ここは我らが命に代えても足止めいたします。どうかローニャ様と共にお逃げ下さい。」
5人の天使の姿を見たフェリックスは極めて冷静で的確な決断をしてメリナに撤退を進言する。
だが、強敵を前に興奮するメリナはそれを拒否した。
「黙れっ!! あの奇跡を見よっ!!
あの力の前に貴様たちオークが何の役に立つというのかっ!?」
メリナの一喝にフェリックスは言葉を失った。それは、図星だったからだ。
フェリックスもアルバートが強敵であることは察していた。そのための対策として完璧な撤退作戦も用意していた。
しかし、アルバートの起こした奇跡の前には、その作戦さへ無意味であると自覚せざるを得なかった。
一族の命を捨てての撤退戦さえ無意味だと認めるのはとても辛い事だった。フェリックスの無念さを私は彼の背中を見て感じていた。
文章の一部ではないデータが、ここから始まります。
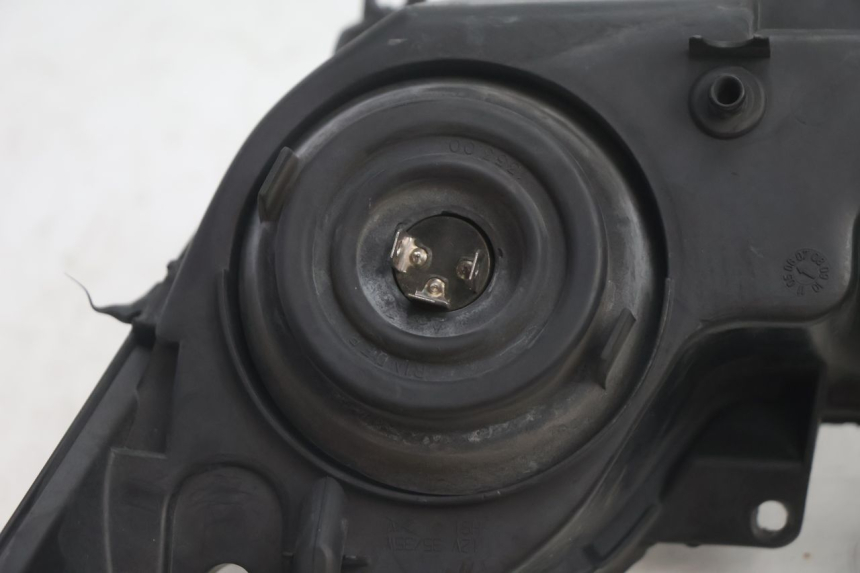 photo de PHARE AVANT YAMAHA XMAX X-MAX 125 (2006 - 2009) - État de surface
だが、メリナはそうではなかった。彼女には彼女の秘策がまだ用意されていたのだった。
「戦いの流れが変わっただと? それはこちらのセリフだっ!!
やつは切り札を切ったのだ。
5人の天使を召喚するほどの奇跡をおこなった奴が戦闘続行できなくなるのは時間の問題だ。
あの天使とて、いつまでも召喚し続けてはおられまいっ!!
だが、私にはまだ切っていない札があるっ!!
あの男が光の勢力の天使を用意するならば、こちらはっ・・・・・・!!」
そう言うとメリナは私の元まで駆け寄ると私を肩に担ぎ上げて台座に運ぶ。
そうして私を台座に投げ捨てると、僅かに残った下着すら剥ぎ取り始めたのだ。
「きゃああっ!! な、なにをするのっ!!
やめてっ! やめて、メリナっ!!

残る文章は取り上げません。